L’empreinte écologique : un indicateur complémentaire au produit intérieur brut
Depuis plus de 50 ans, l’augmentation du PIB est perçue comme la garantie du développement humain et est un objectif en soi. L’utilisation de la croissance du PIB comme indicateur de mesure du progrès ou du développement est cependant de plus en plus largement critiquée. Le PIB est en effet un outil qui permet d’évaluer de façon globale un flux monétaire et de mesurer la création de richesse d’une région ou d’un État. Or le progrès social, le bien-être et la satisfaction de vie au sein d’une société ne dépendent pas que de sa prospérité économique mais également d’autres critères, tels que la répartition des richesses, l’état de santé ou la qualité de l’environnement. Ainsi, si on s’intéresse à la seule dimension environnementale, on notera par exemple que le PIB ne comptabilise pas les services rendus par les écosystèmes (pollinisation, épuration de l’air et de l’eau…), n’attribue de la valeur au patrimoine naturel que s’il est exploité et ne comptabilise pas les dégradations de l’environnement liées aux activités humaines (perte de biodiversité, dégradation de la qualité de l’air…). Les atteintes à l’environnement telles que les pollutions peuvent même contribuer indirectement à l’augmentation du PIB, car elles génèrent des activités (services d’études et d’analyses, dépollution…) et des coûts de réparation.
C’est dans ce contexte que des indicateurs complémentaires au PIB ont vu le jour.

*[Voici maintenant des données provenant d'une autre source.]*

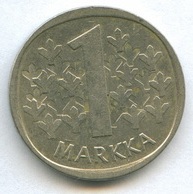 1 марка 1973 года  (1020)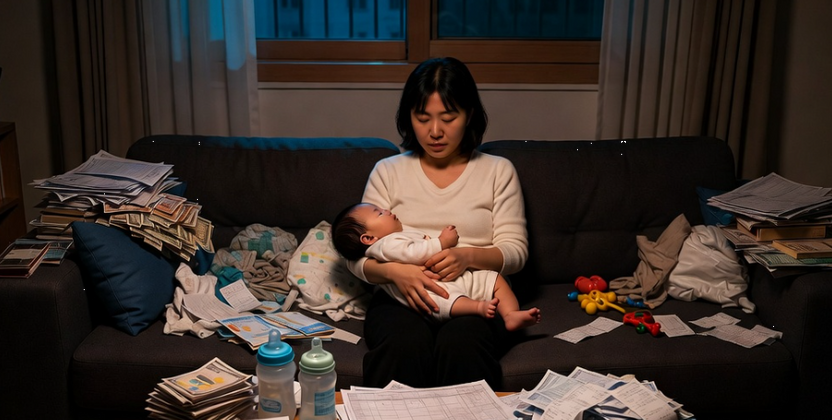 "식모 취급에 생활비 0원"…경제적 학대도 명백한 이혼 사유 기사 관련이미지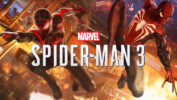 بازی جدید مرد عنکبوتی Marvel Spider-Man 3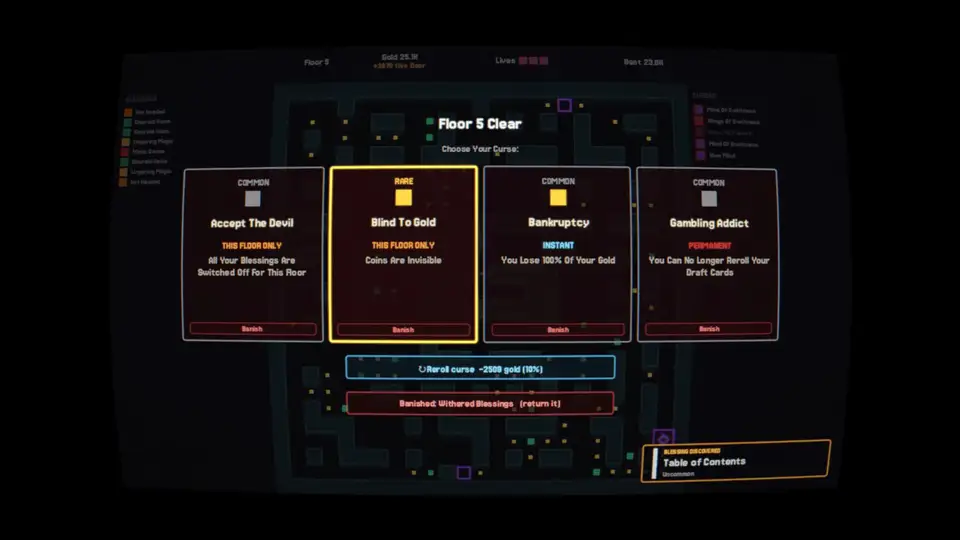 DIMENGUARD screenshot 4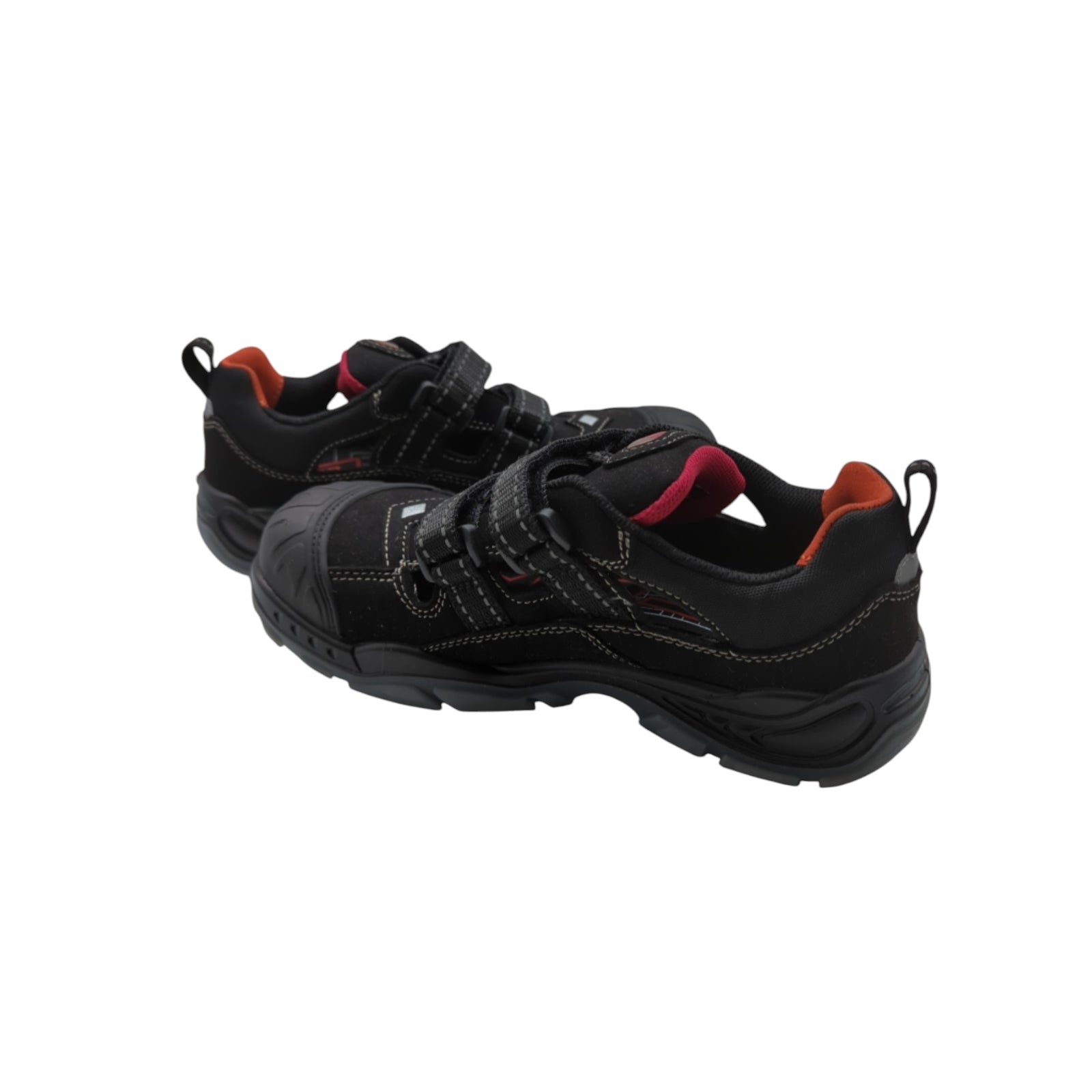 ELTEN Scott Pro 726661-40 Sicherheitsschuhe ESD S1P Größe 40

Parmi ceux-ci, on peut citer des indicateurs globalisés tels que l’indice de développement humain ou l’empreinte écologique. Cette dernière est vraisemblablement l’indicateur qui a été le plus médiatisé ces dernières années. Il exprime, en hectares globaux[4], la pression qu’exerce l’activité humaine (consommation et production de déchets) sur les ressources renouvelables. En 2014, à la demande du Gouvernement wallon, l’Institut wallon de l’évaluation, de la prospective et de la statistique (IWEPS) a développé et calculé l’empreinte écologique de la Wallonie(c). Cette démarche s’inscrit dans un cadre plus global visant à développer pour la Wallonie un set d’indicateurs complémentaires au PIB. L’empreinte écologique a ainsi été estimée à près de 5 hectares globaux par habitant en 2012. Il s’agit donc de la surface biologiquement productive de terre et d’eau nécessaire pour produire les matières biologiques qu’un Wallon consomme annuellement et pour absorber les déchets qu’il génère. Rapporté à l’offre, les Wallons ont utilisé une surface productive 2,2 fois plus grande que celle de la Wallonie. Cela signifie que le mode de consommation des Wallons dépasse les limites biophysiques associées aux ressources renouvelables du territoire, et qu’à l’instar de la majorité des pays européens, la Wallonie alimente une "dette écologique"[5].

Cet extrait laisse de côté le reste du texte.